Copy the lines below verbatim, beginning with the line that includes "this 640×480 image." and continuing to the end; leave out everything before it.
• • • •
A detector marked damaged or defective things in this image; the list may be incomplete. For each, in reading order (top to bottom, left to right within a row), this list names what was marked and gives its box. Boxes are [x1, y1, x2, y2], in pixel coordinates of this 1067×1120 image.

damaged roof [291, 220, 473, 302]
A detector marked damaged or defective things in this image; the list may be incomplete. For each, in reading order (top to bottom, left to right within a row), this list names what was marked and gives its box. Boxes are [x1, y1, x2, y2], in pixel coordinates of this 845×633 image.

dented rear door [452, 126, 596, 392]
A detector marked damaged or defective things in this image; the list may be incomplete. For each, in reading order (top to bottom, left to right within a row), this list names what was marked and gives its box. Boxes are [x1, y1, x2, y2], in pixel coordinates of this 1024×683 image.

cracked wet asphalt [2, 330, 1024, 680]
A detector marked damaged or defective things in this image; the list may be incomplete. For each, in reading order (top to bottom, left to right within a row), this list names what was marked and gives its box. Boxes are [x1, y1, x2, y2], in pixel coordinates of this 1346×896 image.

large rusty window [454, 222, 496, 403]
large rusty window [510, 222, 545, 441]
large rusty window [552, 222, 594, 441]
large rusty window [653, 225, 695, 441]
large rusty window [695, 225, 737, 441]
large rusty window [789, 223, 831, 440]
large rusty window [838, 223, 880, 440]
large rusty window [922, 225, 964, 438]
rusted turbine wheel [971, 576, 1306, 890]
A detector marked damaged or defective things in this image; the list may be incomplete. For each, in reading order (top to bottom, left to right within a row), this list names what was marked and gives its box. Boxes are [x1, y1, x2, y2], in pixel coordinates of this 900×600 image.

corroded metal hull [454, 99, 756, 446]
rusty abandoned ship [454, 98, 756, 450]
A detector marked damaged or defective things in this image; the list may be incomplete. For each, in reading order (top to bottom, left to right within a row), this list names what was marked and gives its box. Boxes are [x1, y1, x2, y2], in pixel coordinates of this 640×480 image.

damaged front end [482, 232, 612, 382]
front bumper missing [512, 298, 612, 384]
• • • •
**Response area**
A detector marked damaged or defective things in this image; the list may be incomplete. For each, in reading order (top to bottom, left to right within a row), this list names what was marked and gives its box. Boxes are [x1, y1, x2, y2], in pixel coordinates of this 640×480 image.

damaged front end [482, 232, 612, 382]
front bumper missing [512, 298, 612, 384]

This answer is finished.